While the interest commercial banks pay savers tend to closely reflect the Bank of England base rate and tends to be set for all savers opening an account, the rates they charge borrowers aren’t set as close to the base rate. In addition, they can vary significantly between borrowers based on an individual’s credit rating.
What does the Monetary Policy Committee do?
The MPC meets every six weeks (approximately) to review the UK economy and decide if changes to the base rate are needed to stimulate the economy or ensure inflation remains low (the Government has a target of 2% for inflation). Once they have met, the MPC announce any changes to the base rate; after this, banks may make changes to their interest rates.
Not everyone will see a change to their interest rates. For example, if you have taken out a personal loan or mortgage on a fixed rate, this will not change even if their lender then changes the rate applied to the loans they have available.
If, however, you have a tracker mortgage, which is linked to the Bank of Interest base rate, you would see a change almost instantly which could lead to an increase or decrease in your payments depending on whether the base rate went up or down.
What else affects interest rates?
Banks and other financial institutions charge interest because they need to cover their costs and – remembering they’re commercial businesses – make a profit. This means they need to make more on lending than they pay out on savings.
To do this, they set interest rates on savings close to the Bank of England base rate, while interest rates on borrowing is set at a higher rate. The difference is their profit.
Banks need to find the balance between interest rates on savings and borrowing in order to remain competitive against other banks and maintain (or grow) their customer base. When setting interest rates, therefore, they take both the base rate into account and the interest rates set by their competitors.
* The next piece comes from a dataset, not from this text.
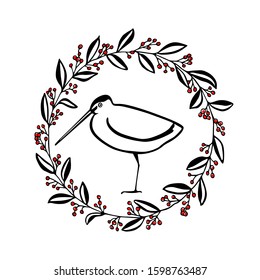 Vector illustration of hand drawn cute shorebird in floral berry wreath. Beautiful animal design elements, ink drawing, logo template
Tip: When it comes to borrowing, banks look at an individual’s credit rating as well; the better your credit rating, the more likely you are to get a rate that matches or is close to the representative APR banks use when advertising loans.
The wider impact of interest rate changes
One of the driving factors for the Bank of England in setting the base rate is keeping inflation as close to the Government target of 2% as possible. Interest rates impact inflation because they impact our spending. If the base rate is lowered, for example, and your bank lowers the interest on your tracker mortgage. As a result, you will have more money to spend (or save).
Having more money in your pocket might be a good thing for you, but if there is too much money circulating in the economy, it could lead to inflation, meaning things will cost more. In order, therefore, for the Bank of England to keep inflation at the right levels to support economic growth, they need to find the balance between encouraging people to spend and save. They do this through the base rate, and the anticipated effect this will have on interest rates.
The effects of interest rates on the economy could be seen after the financial crisis of 2007/8. Because people were unsure of what was going to happen to their jobs, they stopped spending, leading to businesses closing and having to lay off workers. The Bank of England reduced the base rate so that banks would reduce their interest rates and people would have more money to spend, and it would be less beneficial for them to save. This led to an increase in spending, which helped drive economic growth.